James Melvin Johnson Sr. poses for a portrait on part of his 40 acres of farmland in Jackson, Tenn., on Wednesday, Dec. 5, 2023. The land is currently empty but in season Johnson will grow soybeans. Johnson and his brother-in-law L.V. Jackson are applying for a piece of a $2.2 billion USDA Discrimination Financial Assistance Program, which aims to provide financial assistance to farmers, ranchers and forest landowners who experienced discrimination in USDA farm lending programs prior to 2021.

At 72, Johnson hopes to retire soon. Jackson, 75, said his last year of farming was in 1984, the year before he started working for the University of Tennessee's agricultural extension service. But he remembers details from the decades of racism he faced as though they were yesterday, he said.

"Built into the system are ways that they could help you, but only if they wanted to help you," he said.

Both Jackson and Johnson said discriminatory practices by the USDA and its local agents cost them years of heartache and property loss. Both men said agents regularly withheld information about relief programs and other government help available to them.

Johnson said he found out from one friendly agent that he'd been shorted on disaster assistance payments for years. He said the financial loss is almost impossible to estimate.

"And you wouldn't believe the figures if I could," Johnson said.

L.V. Jackson, a retired farmer, and his brother-in-law James Melvin Johnson Sr. pose for a portrait on a part of Johnson’s 40 acres of farmland in Jackson, Tenn., on Wednesday, Dec. 6, 2023. The land is currently empty but in season Johnson will grow soybeans. The men are applying for a piece of a $2.2 billion USDA Discrimination Financial Assistance Program, which aims to provide financial assistance to farmers, ranchers and forest landowners who experienced discrimination in USDA farm lending programs prior to 2021.

The worst hard year

Johnson and Jackson point to 1973 as one of the worst years they endured as farmers.
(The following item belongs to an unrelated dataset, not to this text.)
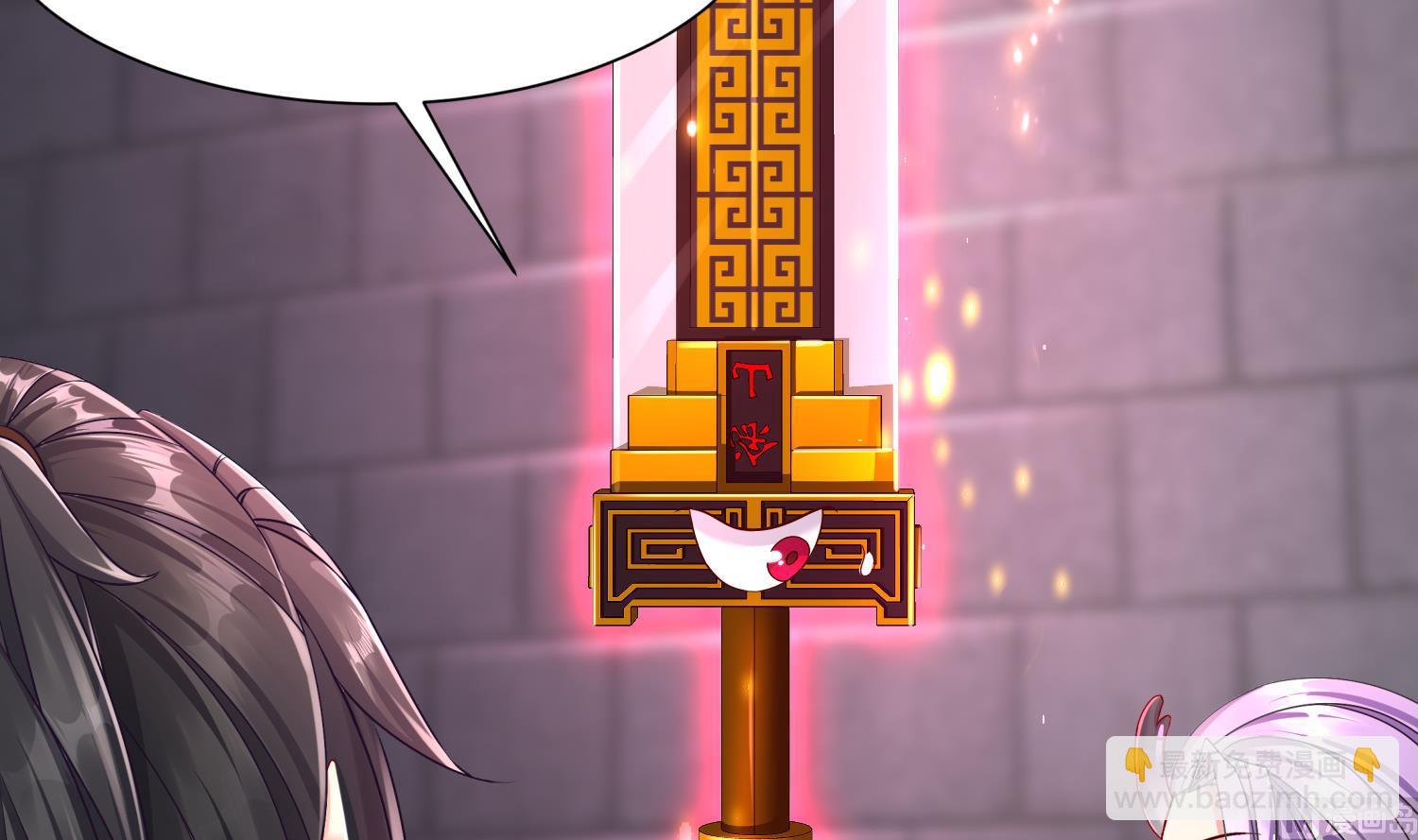 重生之魔尊當道 - 第119話 若鳶，靠你了！(1/2) - 5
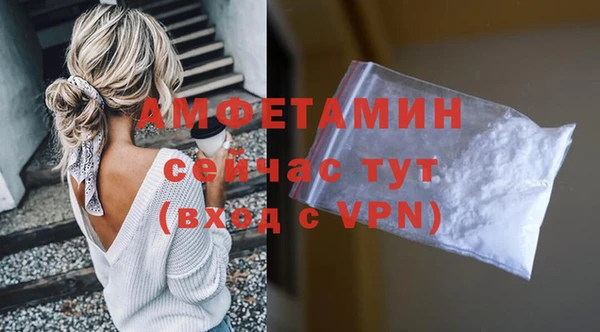 спайс Абдулино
That was the year the skies dumped so much rain the soybeans were submerged. What could be harvested was choked with mud.

It was also the year the Farmers Home Administration, a former USDA agency created to help farmers access financial support, issued millions in emergency disaster relief to flooded-out farmers.

"But a lot of Black farmers, we didn't get that kind of money, at least I didn't," Johnson said. "I didn't know anything about it, nobody told me about it, nothing came in the mail ― nothing."

A Black agricultural extension agent from the University of Tennessee told the men about the available relief. Each farmer received the same reaction from the white agents at their local FHA offices: incredulity.

"This was not something they were publicizing in the community," Jackson said. "This was something that was between the good old boys at the county agricultural board meetings."

L.V. Jackson, a retired farmer, poses for a portrait on a part of his brother-in-law James Melvin Johnson Sr.’s 40 acres of farmland in Jackson, Tenn., on Wednesday, Dec. 6, 2023. The land is currently empty but in season Johnson will grow soybeans. The men are applying for a piece of a $2.2 billion USDA Discrimination Financial Assistance Program, which aims to provide financial assistance to farmers, ranchers and forest landowners who experienced discrimination in USDA farm lending programs prior to 2021.

A life of farming

When Jackson was a child, his grandfather and father owned about 130 contiguous acres in Crockett County, Tennessee, where they grew commercial vegetable crops.

Jackson left the farm for the first time in 1968 when he was pulled out of college to serve in Vietnam as a combat engineer. By the time he returned the following year, his grandfather had gone blind and the farm was in bad shape.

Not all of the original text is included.